■ Extracted records ■
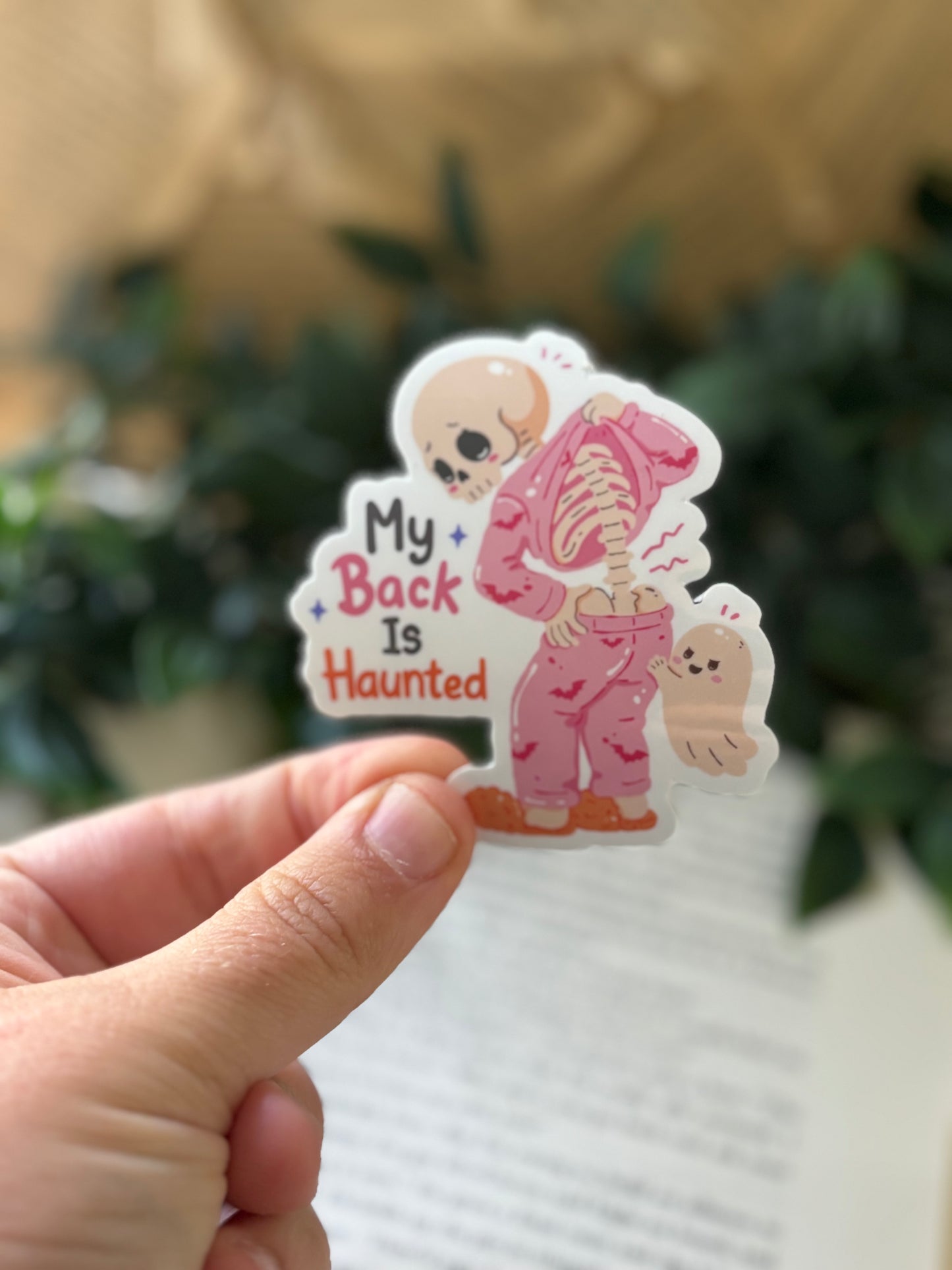 My back is haunted sticker
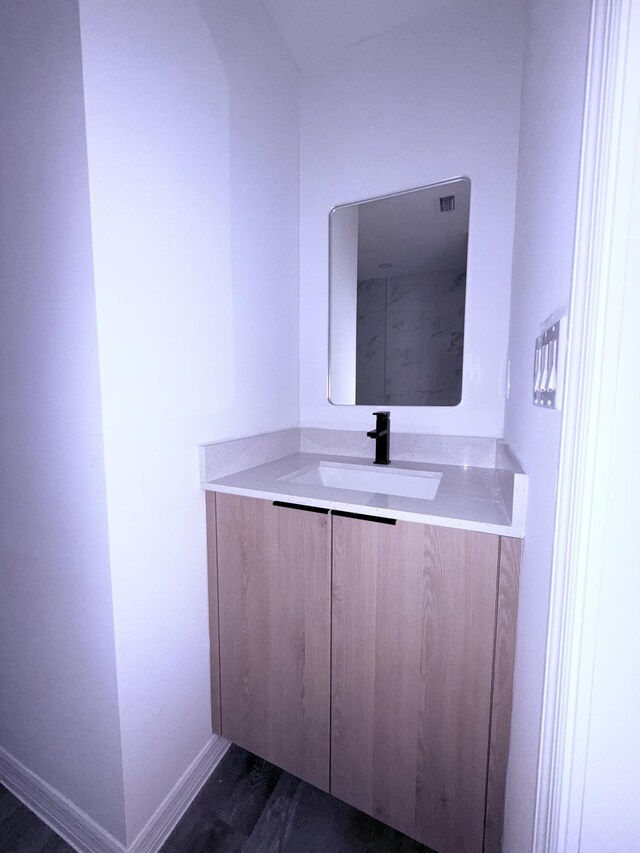 382 Mcarthur Blvd, Lehigh Acres, FL 33974 - bathroom featuring vanity, wood finished floors, and baseboards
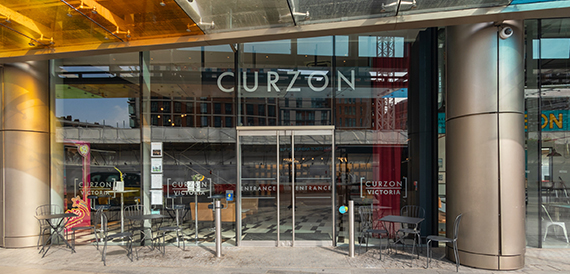 Curzon's glass entrance with revolving doors and a chequered floor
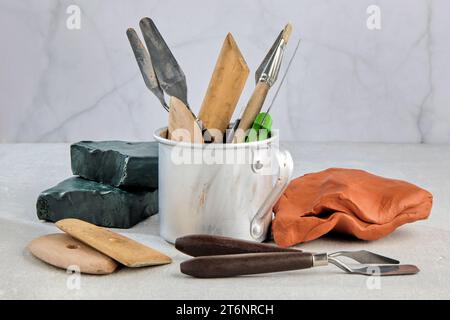 Tools for modeling from plasticine and clay in a metal mug and pieces of clay and plasticine on a white concrete table in a sculpture workshop Stock Photo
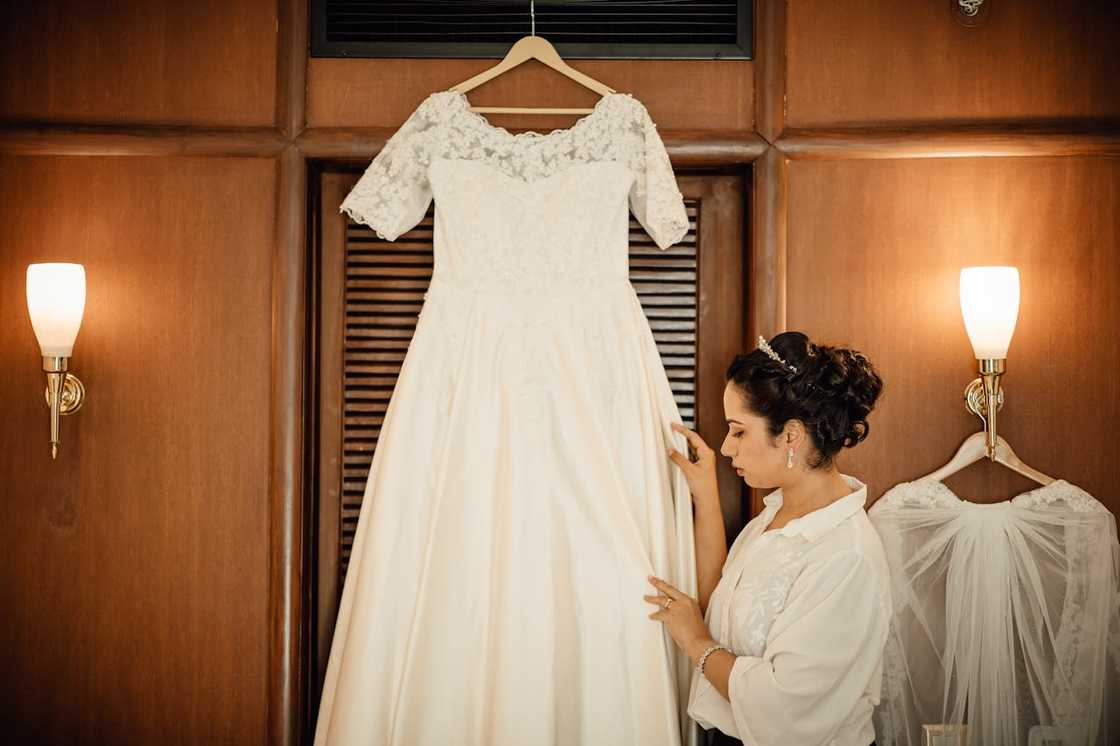 Bride adjusting a white wedding dress hanging in a dressing room.
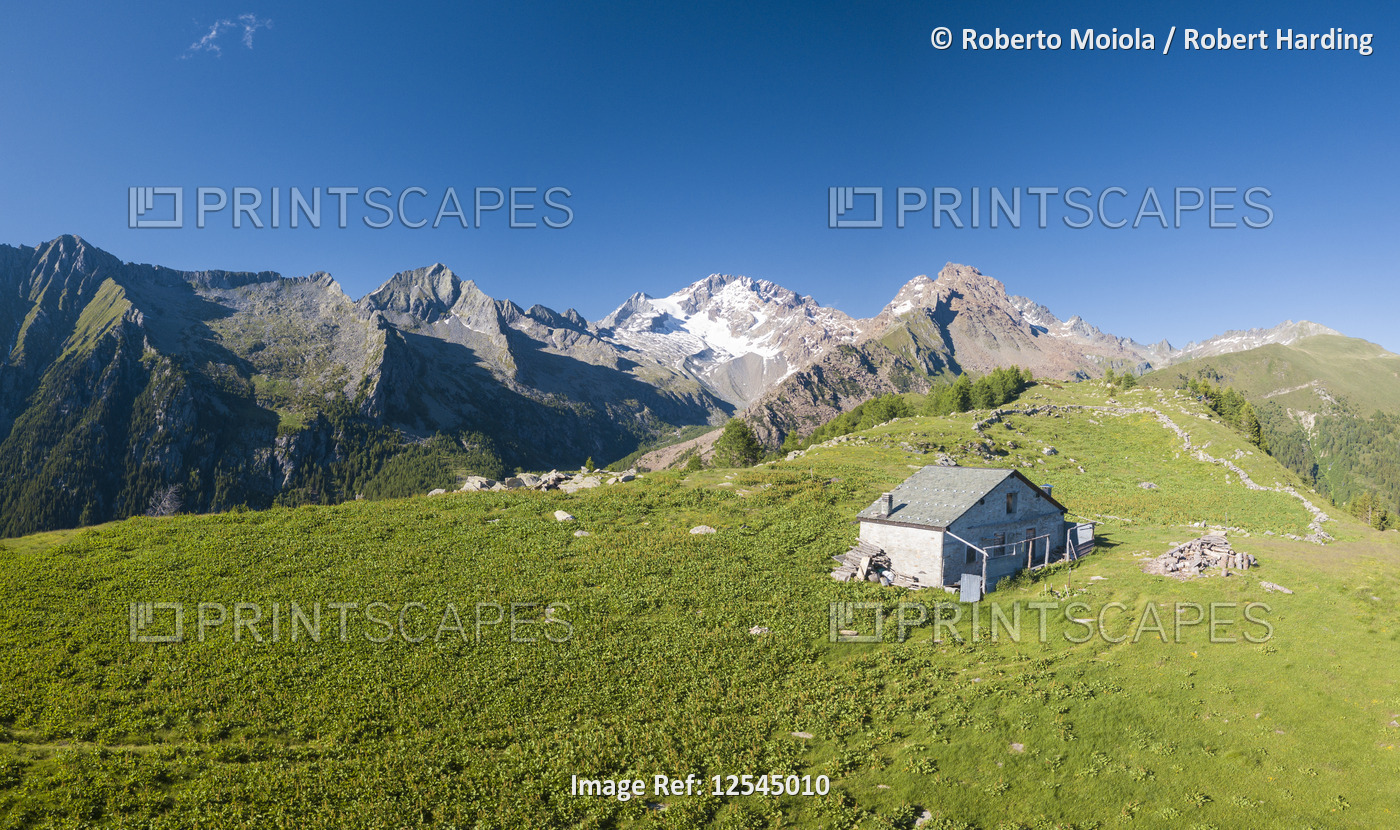 Panoramic aerial view of hut on green meadows, Scermendone Alp, Sondrio province, Valtellina, Rhaeti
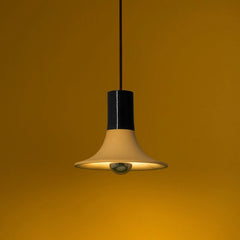 Wine Pendant Light lit, cream ceramic flared shade with glossy black neck, close-up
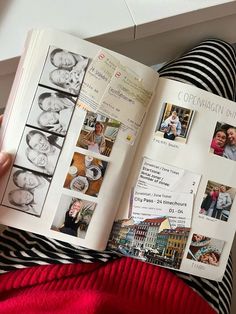 a person is holding an open book with pictures on it and the pages are covered in photos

■ Action item ■
Restate all of the material above word for word, excluding the pictures.

■ Your solution ■
 My back is haunted sticker
 382 Mcarthur Blvd, Lehigh Acres, FL 33974 - bathroom featuring vanity, wood finished floors, and baseboards
 Curzon's glass entrance with revolving doors and a chequered floor
 Tools for modeling from plasticine and clay in a metal mug and pieces of clay and plasticine on a white concrete table in a sculpture workshop Stock Photo
 Bride adjusting a white wedding dress hanging in a dressing room.
 Panoramic aerial view of hut on green meadows, Scermendone Alp, Sondrio province, Valtellina, Rhaeti
 Wine Pendant Light lit, cream ceramic flared shade with glossy black neck, close-up
 a person is holding an open book with pictures on it and the pages are covered in photos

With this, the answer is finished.